MyPy: Static type checker for Python

Verifies type hints and catches type errors at compile time

mypy orchard/ --ignore-missing-imports --no-strict-optional

Individual Tool Usage

# Code formatting check
black --check --diff orchard/ tests/

# Linting + import sorting
ruff check orchard/ tests/

# Security scanning
bandit -r orchard/ -l -q

# Complexity analysis
radon cc orchard/ -n B --total-average
radon mi orchard/ -n B

# Type checking
mypy orchard/ --ignore-missing-imports

# Tests with coverage (fails if < 100%)
pytest --cov=orchard --cov-report=term-missing --cov-fail-under=100 -v tests/

Mutation Testing

Mutation testing documentation has been moved to a dedicated guide.
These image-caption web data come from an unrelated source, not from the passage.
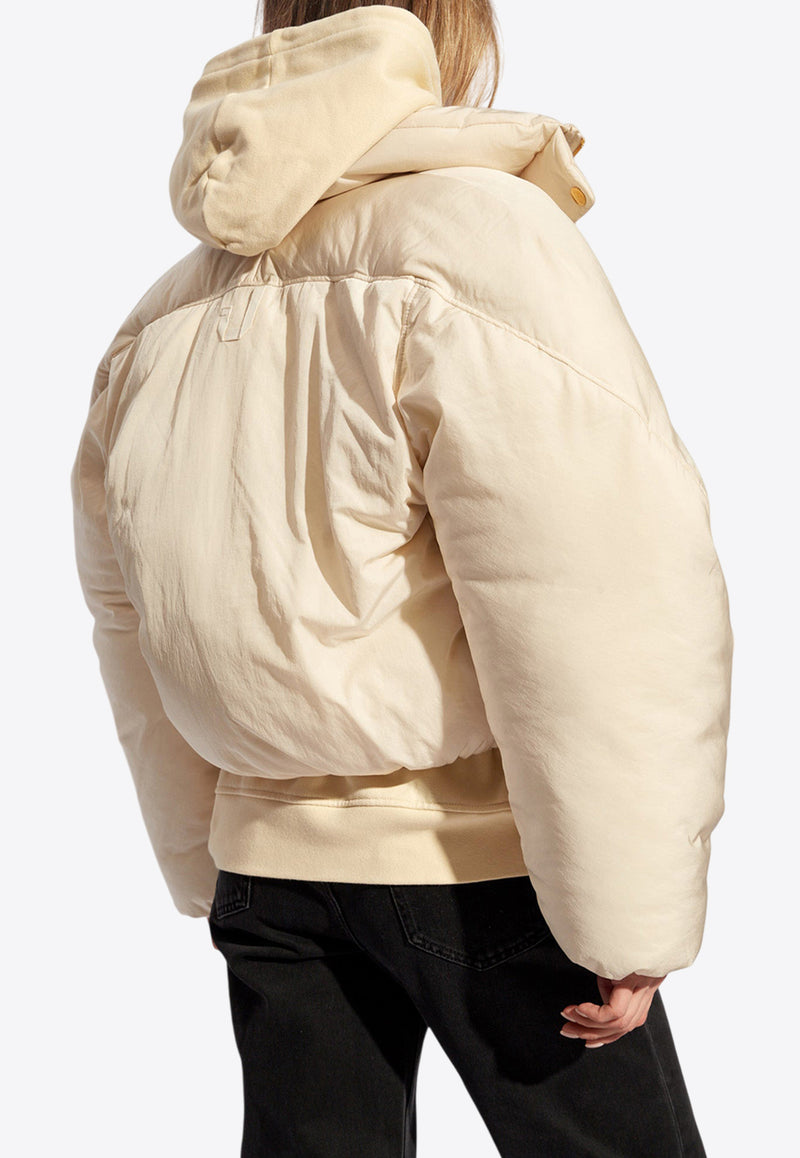 Jacquemus Caraco Puffer Cropped Jacket Cream 241CO049 1320-110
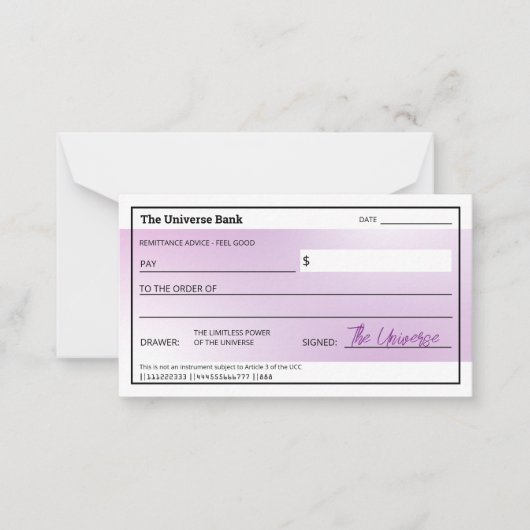 Girly Law of Attraction Blank Abundance Check Notitiekaartje (Voorkant)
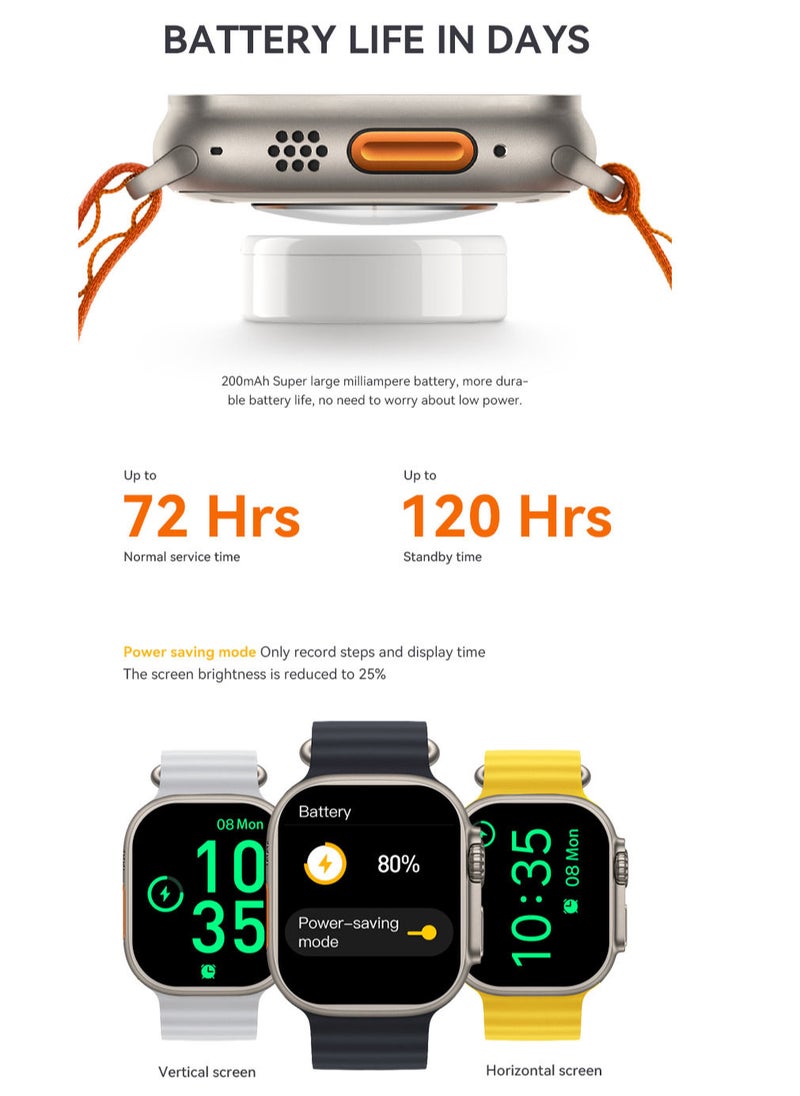 AROAQ - 200 mAh Long Battery HW68 Ultra Smartwatch Wireless Charging Large Display Waterproof Bluetooth Full Touchscreen Smart Watch - Image 1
See Mutation Testing (MUTANTS.md) for configuration, running mutmut, the mutation registry, pragma conventions, and more.

Testing & Quality Assurance

Test Suite

Orchard ML includes a comprehensive test suite targeting →100% code coverage:

Unit Tests Integration Tests

# Run full test suite
pytest tests/ -v

# Run with coverage report
pytest tests/ --cov=orchard --cov-report=html

# Run specific test categories
pytest tests/ -m unit          # Unit tests only
pytest tests/ -m integration   # Integration tests only

# Run parallel tests (faster)
pytest tests/ -n auto

Test Categories

Unit Tests: Config validation, metadata injection, type safety
Integration Tests: End-to-end pipeline validation, YAML hydration
Smoke Tests: 1-epoch sanity checks (~30 seconds)
Health Checks: Dataset integrity

Continuous Integration

GitHub Actions automatically run on every push:

✅ Code Quality: Black, Ruff, mypy formatting, linting, and type checks
✅ Multi-Python Testing: Unit tests across Python 3.10–3.14
✅ Smoke Test: 1-epoch end-to-end validation (~30s, CPU-only)
✅ Documentation: README.md presence verification
✅ Security Scanning: Bandit (code analysis) and pip-audit (dependency vulnerabilities)
✅ Code Coverage: Automated reporting to Codecov (99%+ coverage)
✅ SonarCloud: Continuous code quality inspection (reliability, security, maintainability)

SonarCloud Metrics:

All badges above are dynamic and updated automatically by SonarCloud on every push to main.

Pipeline Status:

Job	Description	Status
Code Quality	Black, Ruff, mypy	✅ Required to pass
Pytest Suite	5 Python versions	✅ Required to pass
Smoke Test	1-epoch E2E validation	✅ Required to pass
Documentation	README verification	✅ Required to pass
Security Scan	Bandit + pip-audit	✅ Required to pass (Bandit hard-fail, pip-audit advisory)
Build Status	Aggregate summary	✅ Fails if lint, pytest, smoke test, or security fails

View the latest build:

Note: Health checks are not run in CI to avoid excessive dataset downloads. Run locally with python -m tests.health_check for dataset integrity validation.

Note: Python 3.14 (dev) is tested for core functionality only. ONNX export requires onnxruntime>=1.24.1 which provides Python 3.14 wheels.